New book from APC challenges colonial archival categories in productive ways
The central proposition of the book is to make the marooned archive of material culture more visible and more available for consideration as an archival resource than it is currently. It looks at how materials of the past – anything from snuff spoons to knobkerries – were constituted as ethnographic and understood to be evidence of culture, while others – like documents and maps –were constituted as archival and understood to be evidence of history. Essays by more than twenty contributors challenge these divisions in thoughtful ways, releasing the material from pre-assigned identity positions as “tribal” into settings that enable them to be used as resources for thinking critically about identity in the long past and in the present.
While the book has a specific regional focus, and makes an unparalleled contribution to the understanding of southern KwaZulu-Natal in the Late Independent and Colonial Periods, it has a much broader application. At a time when attention is focused on “undoing” colonial legacies and honouring the past before colonialism, it demonstrates innovative strategies for engaging with archival materials in new ways – from the interventions effected in contemporary artworks to the inserting of nameless, timeless objects of material culture into histories of individualised and politicised experience.

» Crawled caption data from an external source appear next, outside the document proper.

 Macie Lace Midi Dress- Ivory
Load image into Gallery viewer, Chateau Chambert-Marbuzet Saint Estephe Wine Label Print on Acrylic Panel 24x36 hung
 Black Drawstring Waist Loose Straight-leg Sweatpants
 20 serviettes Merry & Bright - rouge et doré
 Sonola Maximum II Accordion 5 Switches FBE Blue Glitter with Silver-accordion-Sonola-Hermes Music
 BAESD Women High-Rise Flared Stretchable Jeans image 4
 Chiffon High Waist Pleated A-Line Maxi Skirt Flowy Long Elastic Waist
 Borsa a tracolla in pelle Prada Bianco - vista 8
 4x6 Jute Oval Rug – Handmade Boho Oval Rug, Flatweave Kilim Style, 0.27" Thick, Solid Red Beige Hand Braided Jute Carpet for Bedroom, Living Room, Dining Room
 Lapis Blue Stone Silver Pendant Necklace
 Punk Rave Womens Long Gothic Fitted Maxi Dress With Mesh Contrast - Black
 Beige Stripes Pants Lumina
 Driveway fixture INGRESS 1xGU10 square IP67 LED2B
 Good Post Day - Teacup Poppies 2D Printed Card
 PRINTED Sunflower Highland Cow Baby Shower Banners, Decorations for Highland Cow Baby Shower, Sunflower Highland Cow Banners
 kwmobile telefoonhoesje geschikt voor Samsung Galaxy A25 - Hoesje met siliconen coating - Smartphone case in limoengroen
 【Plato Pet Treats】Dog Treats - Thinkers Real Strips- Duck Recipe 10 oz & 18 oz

The book has already had an exciting extended launch “season”, attracting a great deal of interest both locally and internationally.
The Museum of Archaeology and Anthropology, University of Cambridge, hosted a launch in October, 2016, as part of a programme linked to the British Museum’s landmark exhibition “South Africa: 3 Million Years of Art? Reconsidering Ontologies, Technologies and Agents”. Book launches or special panels were held in Port Elizabeth (as part of the second Precolonial Catalytic Conference, co-hosted by the Centre for African Studies, UCT, and the Centre for the Advancement of Non-racialism and Democracy (NMMU); in Johannesburg at an event hosted by the Public Affairs Institute; in Durban at the Killie Campbell Africa Library; and at UCT.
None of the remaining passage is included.